Num gesto de ansiedade acrescentou:
— Mas ainda não descobri para onde o Pai me guia os passos! — E num sorriso
algo triste, mas resignado, aduziu: — Sofro muito pela espera!...
José mantinha-se silencioso, indeciso, pois receava magoar Jesus.
— Mas, que alimentas em tua alma, que te faz tão diferente dos demais jovens? —
indagou corajosamente.
— Nenhuma flor, nem o ouro, nem o calor da paixão humana aceleram o meu
coração ou encantam minha alma! — redarguiu Jesus, num gesto eloqüente, mas
absorto num mundo irreal. E num longo suspiro, entrecerrando os olhos, desabafou com
certa veemência:
— Vivo somente o anseio de clarear o caminho dessa pobre humanidade, que está
mergulhada num charco de misérias que são a sua própria infelicidade.
— Mas que pode fazer um homem como tu, para transformar os sentimentos dos
outros homens e modificar os costumes da humanidade? — insistiu José, inconformado.
Então Jesus foi dominado por algo estranho, sua voz vibrava altiloqüente, como se
viesse realmente de um ser invisível, porém, mais real do que o próprio mundo das
formas.
— Que importância é viver, se, para contentar os desejos insaciáveis do meu corpo,
preciso esmagar os anseios da minha alma? Que sentido tem a vida, quando consumida
entre os prazeres medíocres e transitórios da carne na implacável caminhada para o
túmulo?
José estremeceu, um tanto confuso.
— Meu filho! Essa é a razão da vida humana e deve ser da vontade do próprio
Jeová que ela assim seja! — observou-lhe, convincente.

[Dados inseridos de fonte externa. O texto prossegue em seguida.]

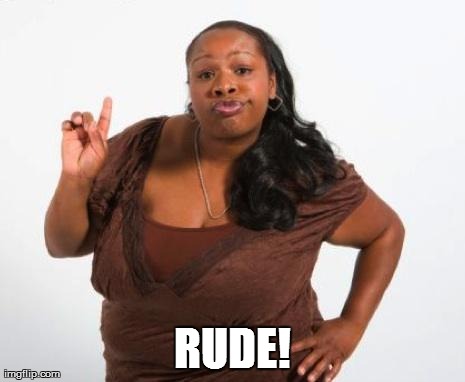 RUDE! | image tagged in sassy | made w/ Imgflip meme maker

Jesus fitou o pai. Apesar da gravidade espiritual de sua fisionomia, ele não
escondeu um sorriso meigo:
— Pai! O boi, o carneiro, o cabrito e o camelo não vivem também a vontade de
Jeová? Mas nós raciocinamos, não é assim? — E acrescentou:
— Que faz o boi, o carneiro, o cabrito e o camelo? Apenas dormem, digerem,
procriam, atendendo às suas necessidades físicas! O seu mundo é produto dos instintos
que os impelem para a satisfação da sua via animal. — E pousando, de leve, a mão na
testa de José e, em seguida, na sua própria fonte, acrescentou, gravemente: — Tu
pensas; eu penso. Existimos além de nossos sentidos físicos. Muito além dos
fenômenos transitórios do corpo. Em nossos próprios ombros, Jeová colocou o arbítrio
de optarmos pelos ideais superiores da alma ou nos escravizarmos aos tesouros, aos
bens que as traças comem, a ferrugem rói e os ladrões roubam. Entendes, pai?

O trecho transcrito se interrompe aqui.